Dans la lignée du "greenwashing", comprenez le "verdissement de logo" - comme Mc Donald’s qui remplace le fond rouge de son logo par du vert, dénoncé par de nombreuses associations et ONG - le "greenspeaking" s’invite à son tour dans les entreprises. Mais lui ne concerne pas la publicité faite par les entreprises, mais la communication institutionnelle de celles-ci.
Entre communication et "greenspeaking"
Parler développement durable est une manière pour certaines sociétés de souligner des efforts réels, mais pour d’autres, il s’agit avant tout de soigner leur image de marque auprès de leurs partenaires. Difficile alors de savoir si une entreprise abuse ou non de l’argument écologique.
Des entreprises très polluantes n’hésitent pas, par exemple, à mettre en avant leurs efforts de compensation pour réduire leur impact sur l’environnement. Un effort louable, certes, mais qui fait oublier que cette pollution est inhérente à l’activité de ces entreprises.
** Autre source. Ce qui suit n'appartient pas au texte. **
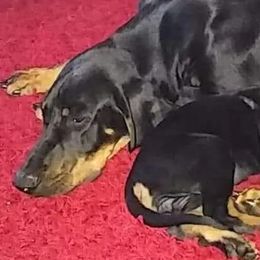 Australian Cattle Dogs and Redbone Coonhounds from Stars and Stripes Heelers and Hounds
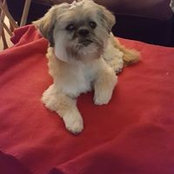Doris Hobbs's photo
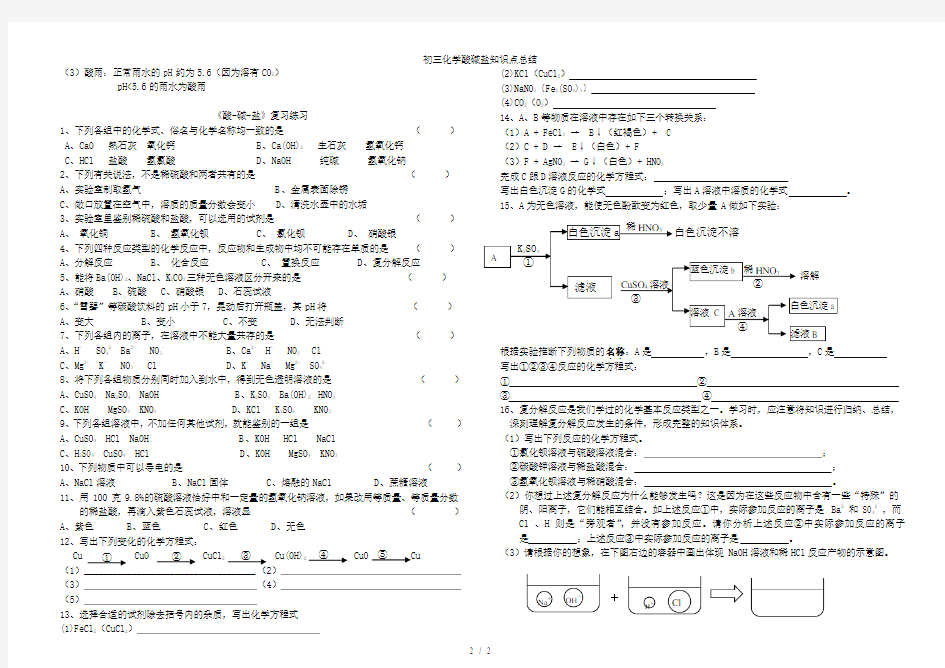 初三化学酸碱盐知识点总结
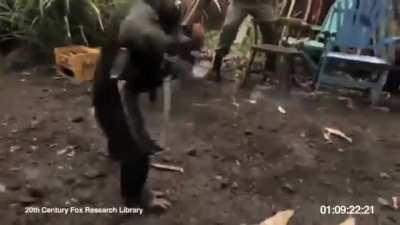 Macacos da Angola é foda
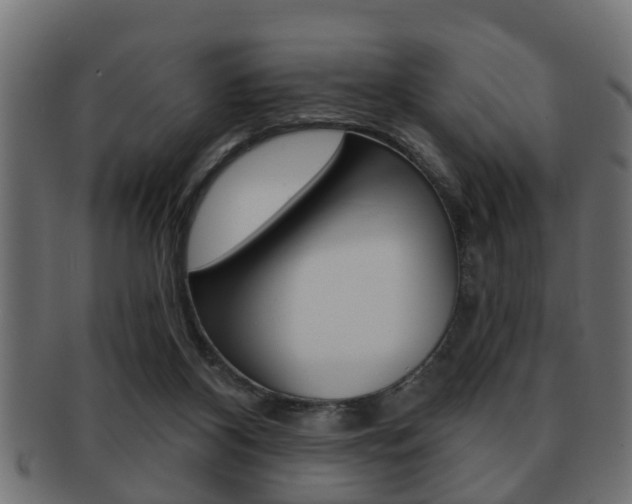 X0000091950116200709061047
Le paradoxe économico-écolo
Mais pour l’Ujjef, le "greenwashing" ou "greenspeaking" est surestimé. Selon une étude menée par l’association, le discours des entreprises reste avant tout centré sur l’économie plutôt que sur l’écologie. Pourquoi ? "Parce que les entreprises n’osent pas parler des paradoxes inhérents à leur activité", explique Boris Elloy. Pour le spécialiste, les entreprises ne doivent pas cacher les problèmes auxquels les confrontent le développement durable.
"Une entreprise qui veut importer des ananas cultivés à l’étranger sera confrontée au paradoxe suivant : importer engendre un transport plus important et donc plus de pollution que s’ils étaient cultivés localement, mais en même temps, se retirer de ce marché étranger engendrera l’écroulement de la production locale du pays", explique le président de l’Ujjef. Aucune de ces deux solutions ne répond entièrement aux exigences du développement durable.
Attention aux "baratineuses"
Alors que faire ? S’il n’y a pas de solution miracle à ce paradoxe, Boris Eloy et Jean Laloux du cabinet d'études et de conseil, Inférence, spécialisé dans le langage et la communication stratégique, soulignent la nécessité pour les entreprises de ne pas cacher cette contradiction lorsqu’elles communiquent.
Mais là encore il faut rester prudent. Si certaines entreprises sont véritablement soucieuses de l’environnement et intègrent cette notion dans leur stratégie de développement, d’autres sont des "baratineuses". C’est ainsi que les qualifie l’Ujjef dans son étude. Une entreprise baratineuse est une entreprise qui "parle d’autant plus volontiers du développement durable qu’elle ne le pratique pas ou peu", souligne l’association dans son étude, qui, malheureusement, ne dévoile aucun nom de mauvais élèves.